◆ **Brief**: Retype, word for word, the lines from the first line of the entries through the line that holds "Womans Excellent Condition"; leave out the pictures.
Dataset extract section start
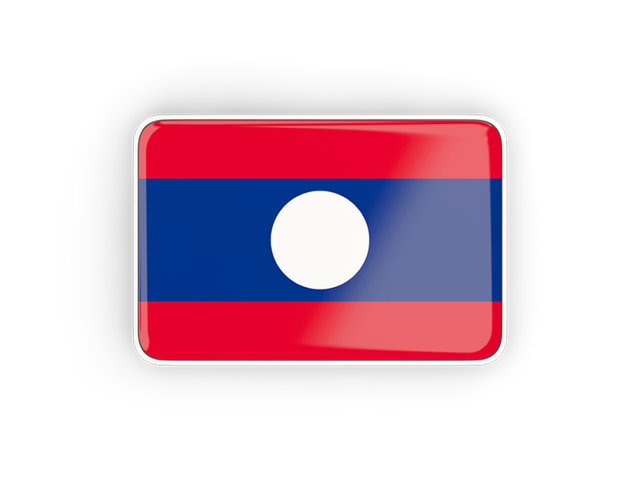 Rectangular icon with frame. Download flag icon of Laos at PNG format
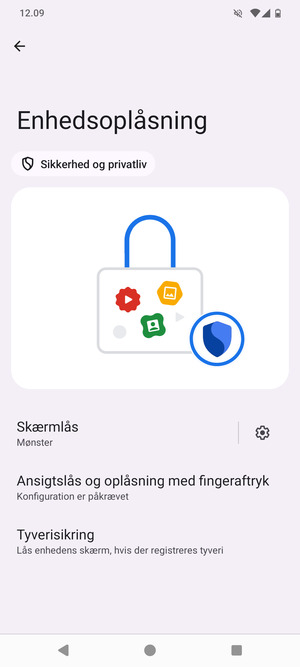 Din telefon er nu sikret med en skærmlås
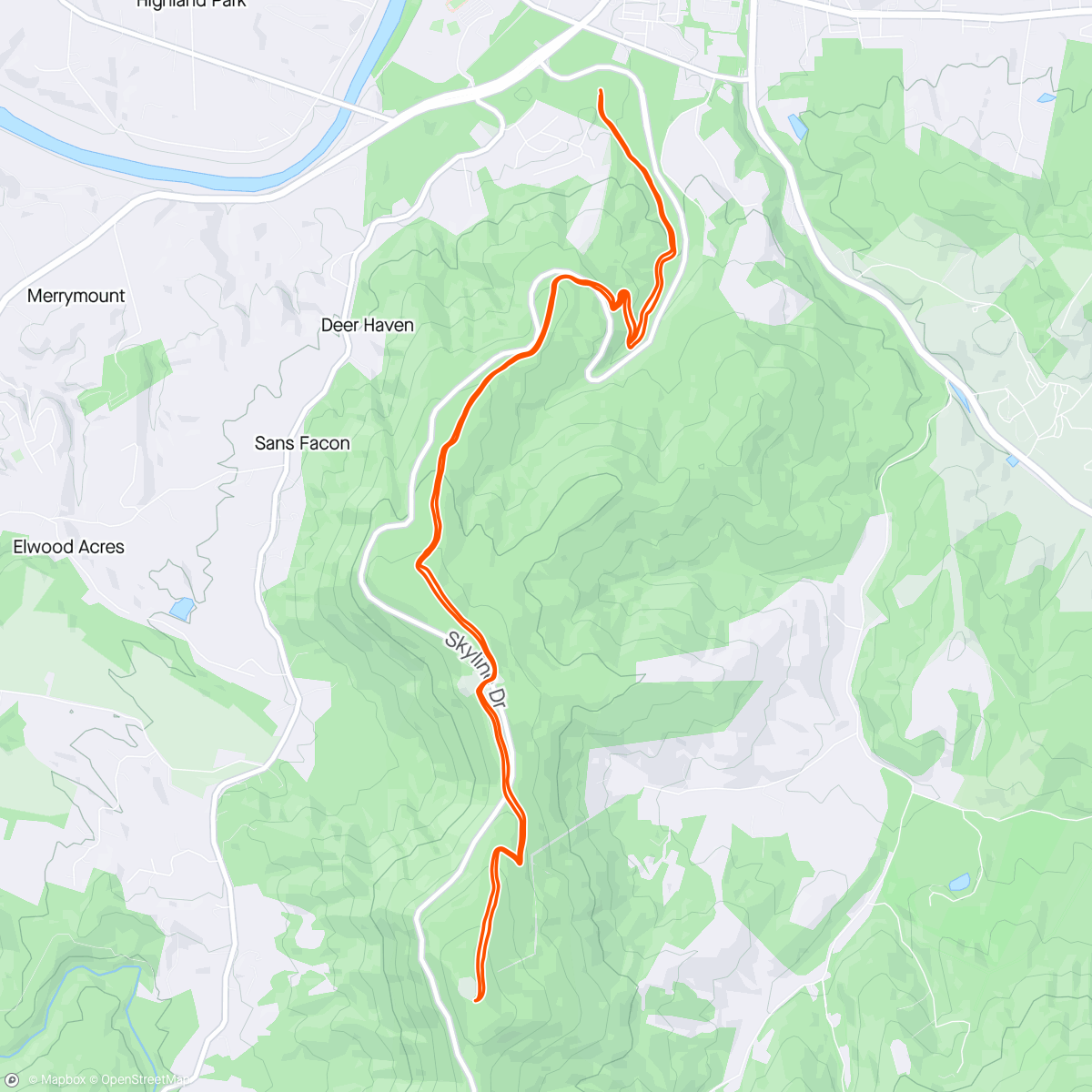 Map of the activity, Fking awesome trail run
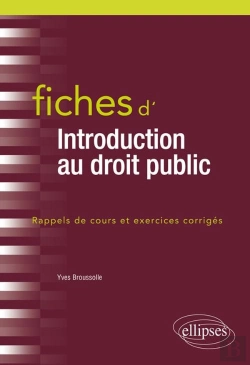 Bertrand.pt - Fiches D'Introduction Au Droit Public ; Rappels De Cours Et Exercices Corrigés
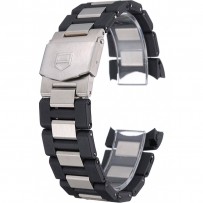 Bracciale Tag Heuer in acciaio inossidabile placcato e caucciù nero 622501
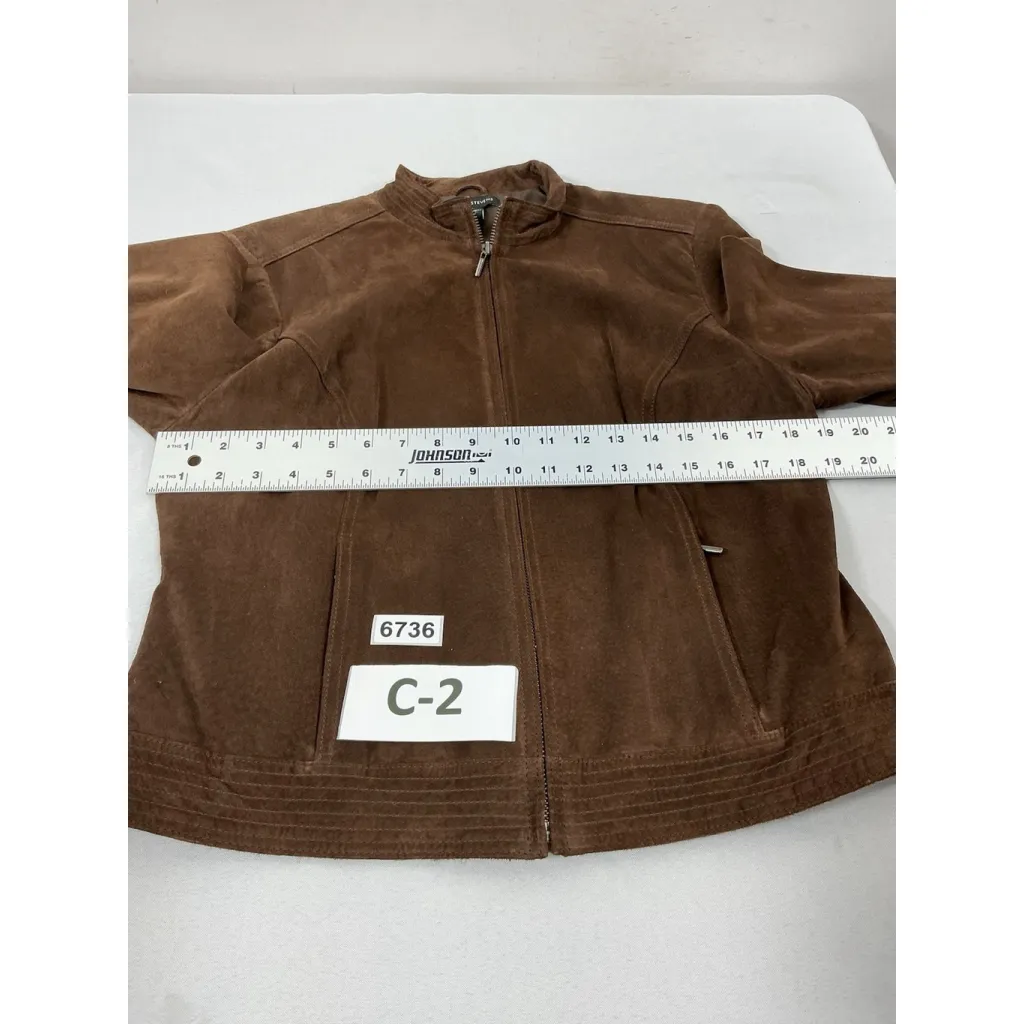 Womans Excellent Condition Valerie Steven’s Suede Jacket Zip Medium Brown - Image 5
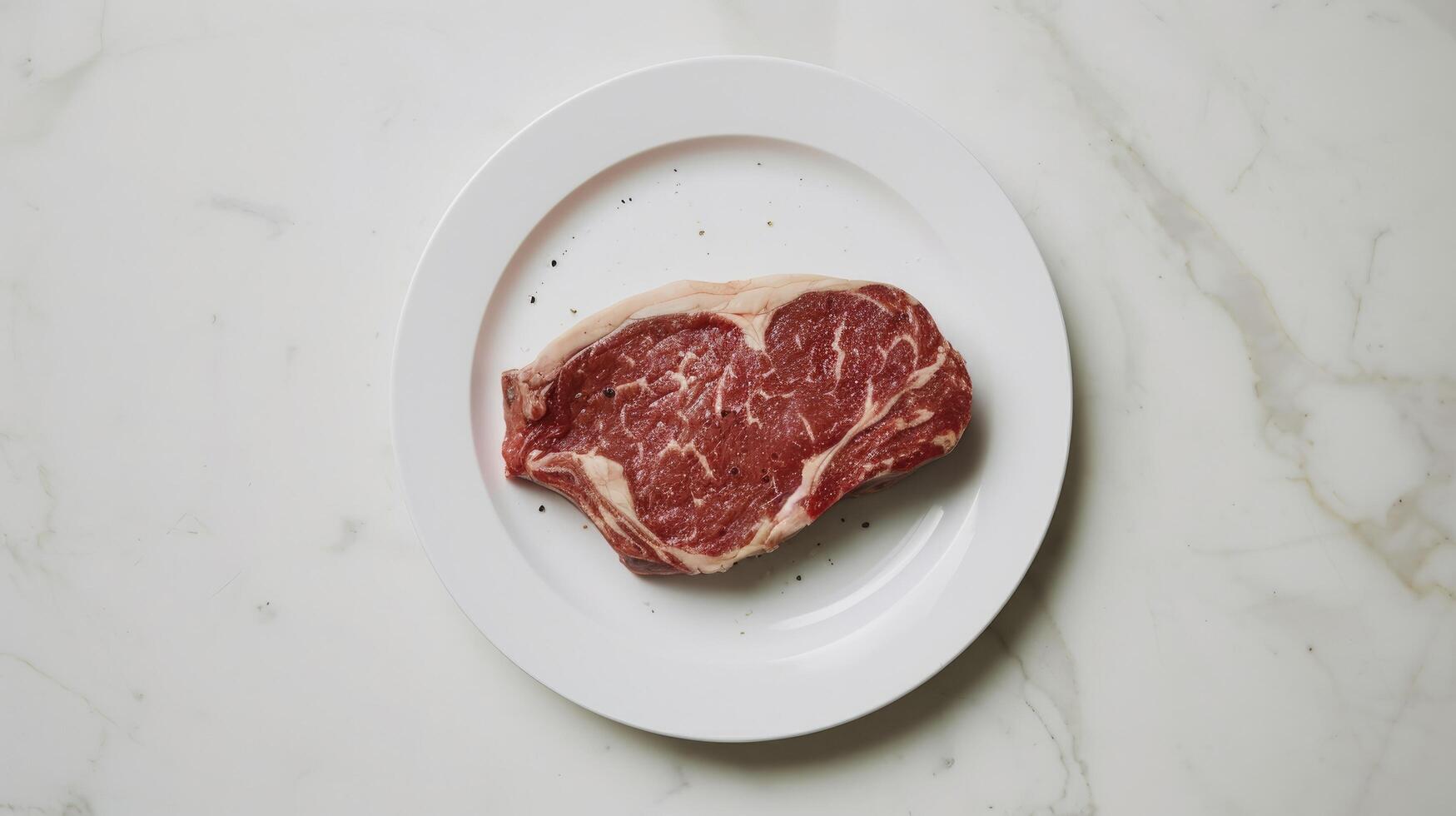 AI generated Prime rib raw meat on a white plate background photo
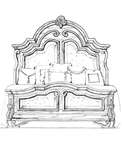 Antiqued Maple Renaissance California King Mansion Bed  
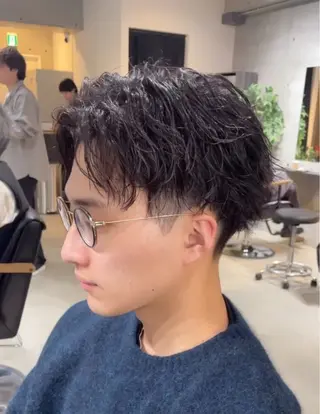 ショート パーマ メンズ 大人パーマ特化 心斎橋本町/えざわのヘアスタイル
Dataset extract section end
◆ **Task response**:
 Rectangular icon with frame. Download flag icon of Laos at PNG format
 Din telefon er nu sikret med en skærmlås
 Map of the activity, Fking awesome trail run
 Bertrand.pt - Fiches D'Introduction Au Droit Public ; Rappels De Cours Et Exercices Corrigés
 Bracciale Tag Heuer in acciaio inossidabile placcato e caucciù nero 622501
 Womans Excellent Condition Valerie Steven’s Suede Jacket Zip Medium Brown - Image 5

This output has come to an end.